Notice
This document is for a development version of Ceph.
EXTBLKDEV, FCM plugin
ExtBlkDev
With Pacific release Ceph was extended to handle thinly-provisioned and compressing drives.
The extension is made in form of loadable plugins that are part of Ceph codebase: src/extblkdev.
At startup OSD checks if specific plugins are enabled, as controlled by:
- osd_extblkdev_plugins
extended block device plugins to load, provide compression feedback at runtime
- type:
str- runtime updatable:
false- default:
vdo fcm
To let OSD load and check for presence of FCM devices set:
osd_extblkdev_plugins = fcm
Mode of operation
Thin-provisioned and compressing drives have different capacity for data than what is advertised as addressable logical space. It means that a compressing drive might advertise its size as 10TB, but in reality only operate on 2TB of physical NAND. ExtBlkDev plugins provide an additional information channel between devices and BlueStore, giving Ceph report current disk logical / physical, used / available states.
This information is critical for OSDs: they might otherwise try to write more data to the device than it can store, which will critically fail when it is really REALLY full.

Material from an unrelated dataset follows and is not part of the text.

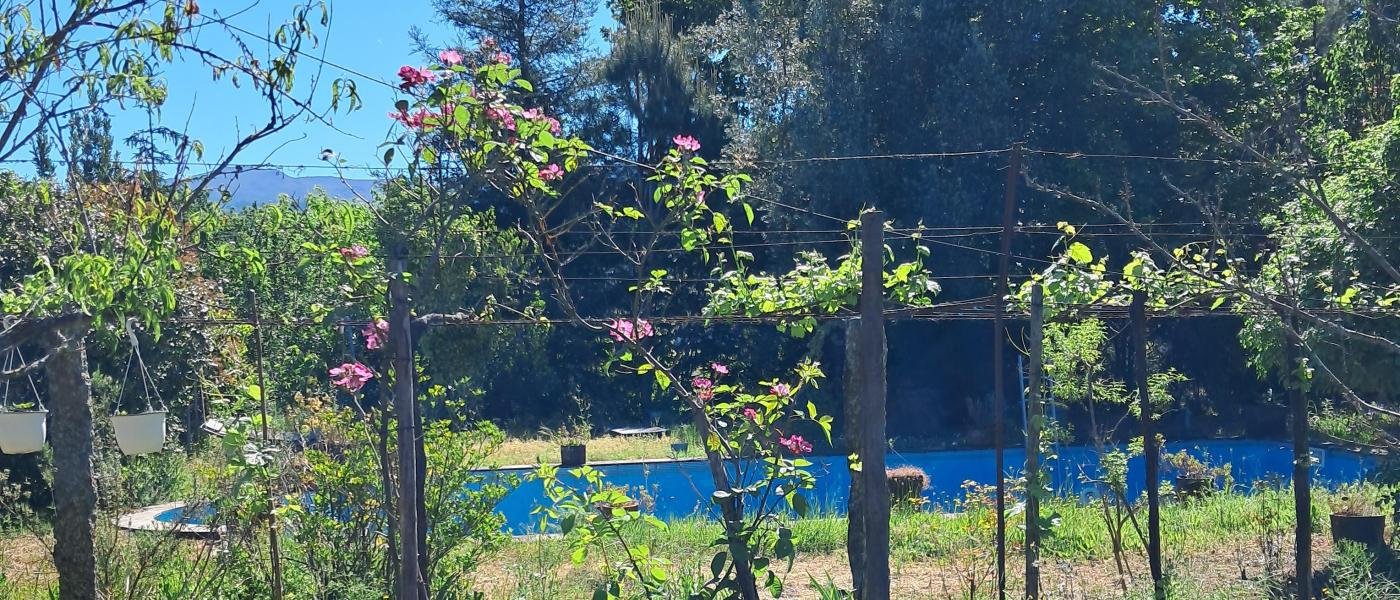 Quinta Agrícola Piscina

Without current and accurate drive usage the configurables are useless:
- mon_osd_full_ratio
Full ratio of OSDs to be set during initial creation of the cluster
- type:
float- runtime updatable:
false- default:
0.95
- mon_osd_nearfull_ratio
Nearfull ratio for OSDs to be set during initial creation of cluster
- type:
float- runtime updatable:
false- default:
0.85
The ExtBlkDev extension is implemented on BlockDevice level, common for Main, DB, and WAL devices.
However, BlueStore only uses it in context of Main device.

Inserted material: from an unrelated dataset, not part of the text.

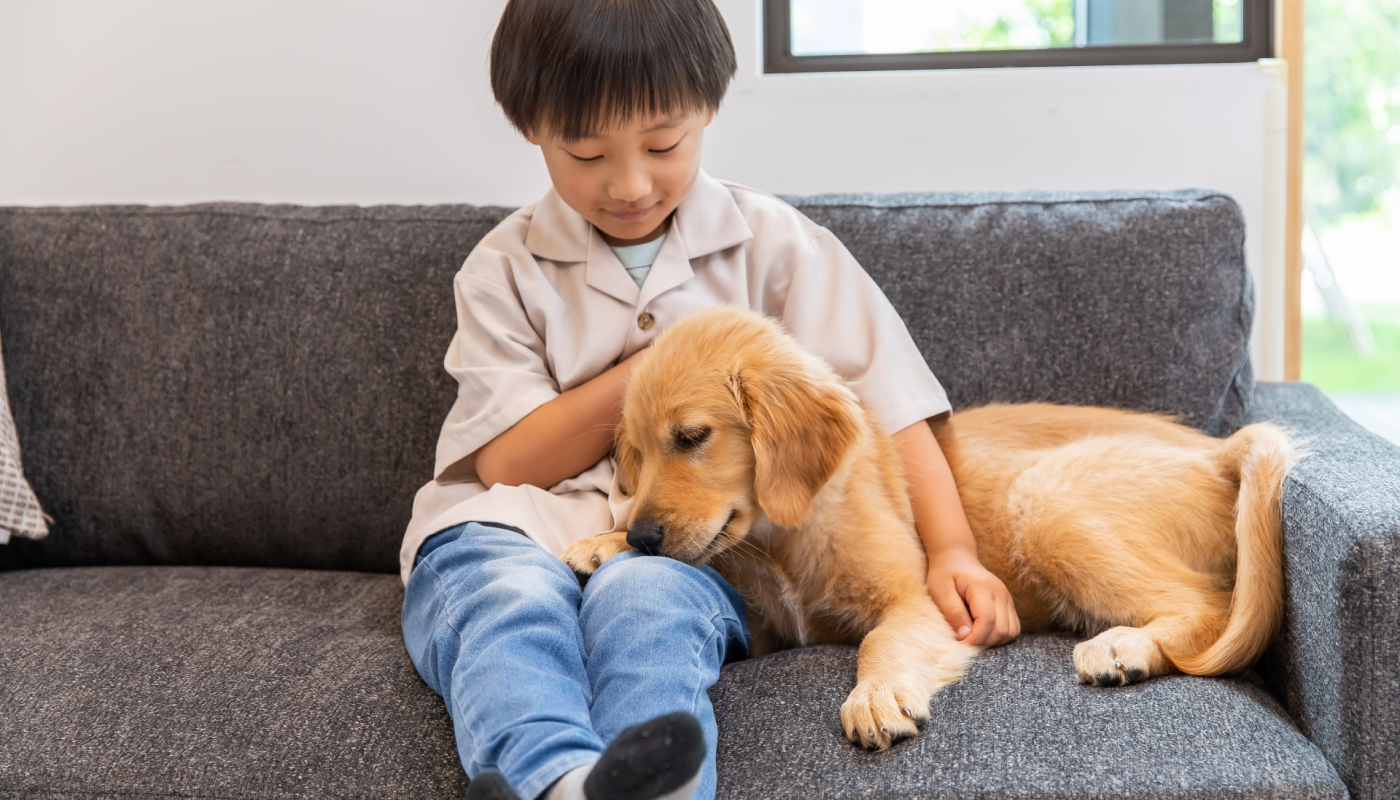 子供やペットの近くに置かない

For the DB and WAL devices, the plugin is detected and loaded, but BlueStore does not interact with it.
Plugin persistence
Note
The examples below are derived from an actual deployment of the FCM plugin.

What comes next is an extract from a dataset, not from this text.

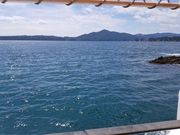 青と緑さんの月山の投稿写真1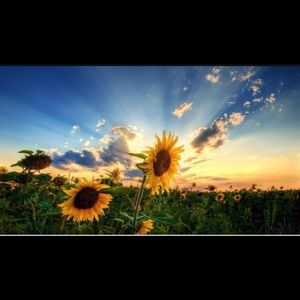 Meet your Posher, Shalese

Having the proper plugin loaded is critical to OSD operation.
ceph osd df
ID CLASS WEIGHT REWEIGHT SIZE RAW USE DATA OMAP META AVAIL %USE VAR PGS STATUS
0 ssd 5.07739 1.00000 31 TiB 4.3 TiB 4.2 TiB 11 KiB 12 GiB 26 TiB 13.92 0.77 129 up
1 ssd 5.07739 1.00000 31 TiB 4.3 TiB 4.2 TiB 12 KiB 12 GiB 26 TiB 13.93 0.77 128 up
2 ssd 5.07739 1.00000 31 TiB 4.3 TiB 4.2 TiB 12 KiB 12 GiB 26 TiB 13.93 0.77 129 up
3 ssd 5.07739 1.00000 31 TiB 4.2 TiB 4.2 TiB 12 KiB 12 GiB 26 TiB 13.90 0.77 128 up
4 ssd 5.07739 1.00000 5.1 TiB 2.2 TiB 4.2 TiB 12 KiB 12 GiB 2.9 TiB 43.08 2.38 128 up
5 ssd 5.07739 1.00000 5.1 TiB 2.2 TiB 4.3 TiB 12 KiB 12 GiB 2.9 TiB 43.25 2.39 128 up
6 ssd 5.07739 1.00000 5.1 TiB 2.2 TiB 4.2 TiB 12 KiB 12 GiB 2.9 TiB 43.06 2.38 128 up
7 ssd 5.07739 1.00000 5.1 TiB 2.2 TiB 4.3 TiB 14 KiB 12 GiB 2.9 TiB 43.44 2.40 129 up
TOTAL 143 TiB 26 TiB 34 TiB 101 KiB 94 GiB 117 TiB 18.09 1027
MIN/MAX VAR: 0.77/2.40 STDDEV: 18.00
In the above case OSDs 0-3 run without the plugin; OSDs 4-7 have the plugin loaded and active. All eight OSDs participate in a single 6+2 erasure coded pool and therefore carry equivalent utilization. With EC6+2 this is moot, but for other pool types the balancer will prioritize OSDs 0-3 which seem to be mostly empty trying to offload seemingly overburdened OSDs 4-7.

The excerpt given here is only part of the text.